[THE TASK] Please give back the listing below word for word and drop any images.

[DATA FOR THIS EXERCISE]
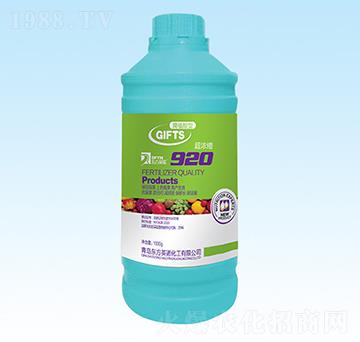 ����s920-�|��Ӣ�Z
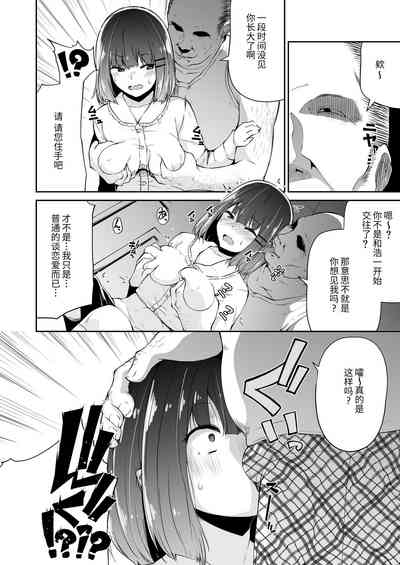 第45頁圖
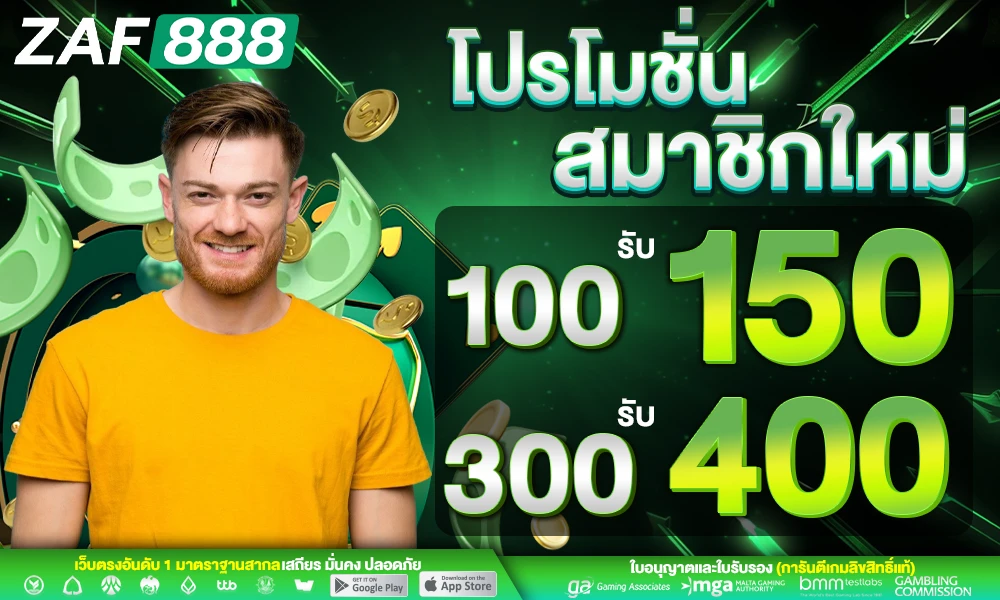 โปรโมชั่นสมาชิกใหม่_compressed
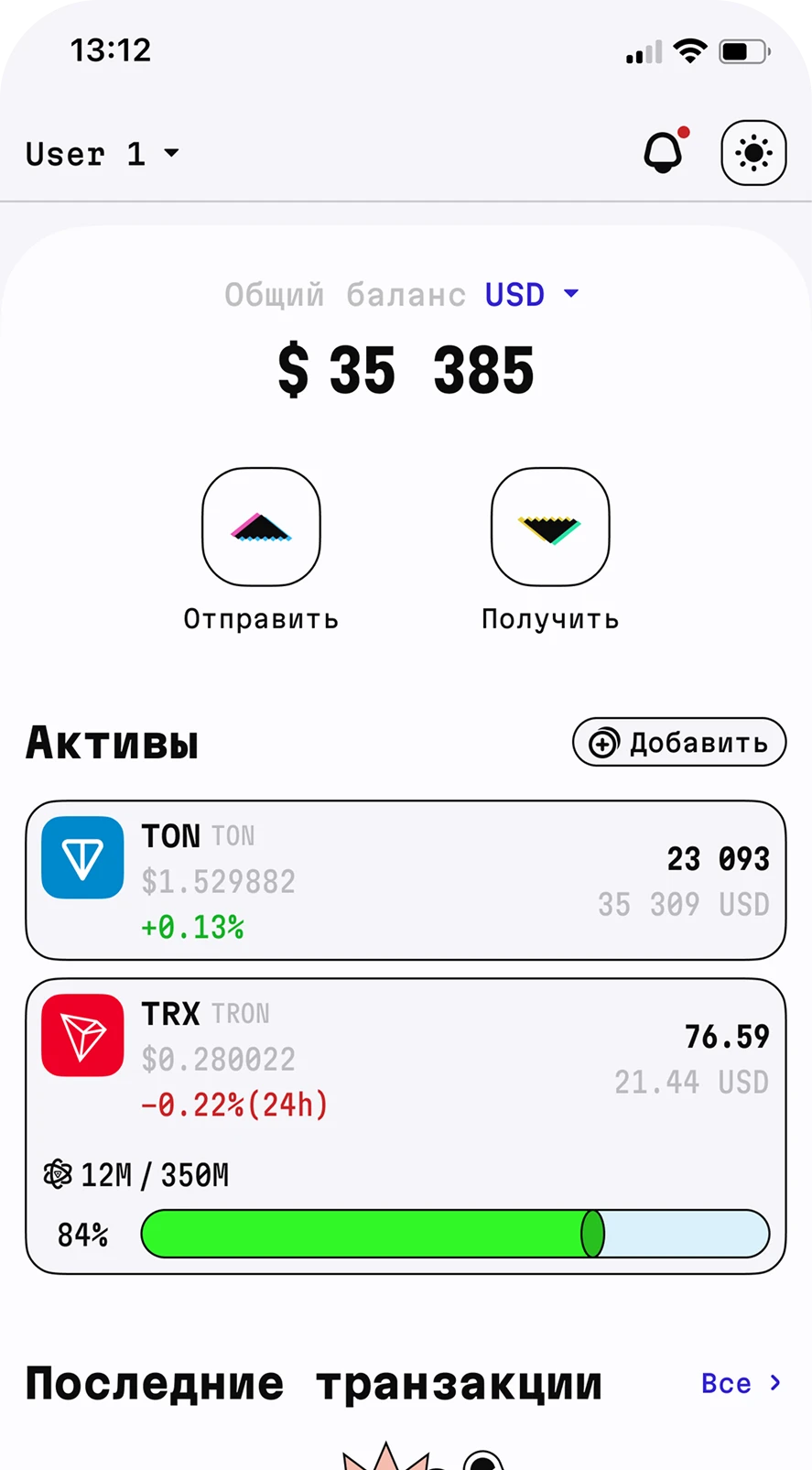 Главный экран с балансом и активами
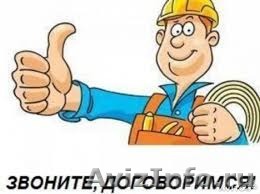 Сантехнические работы от А до Я любой сложности! Качественно и Надежно!          - Изображение #1, Объявление #1499404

[EXPECTED ANSWER]
 ����s920-�|��Ӣ�Z
 第45頁圖
 โปรโมชั่นสมาชิกใหม่_compressed
 Главный экран с балансом и активами
 Сантехнические работы от А до Я любой сложности! Качественно и Надежно!          - Изображение #1, Объявление #1499404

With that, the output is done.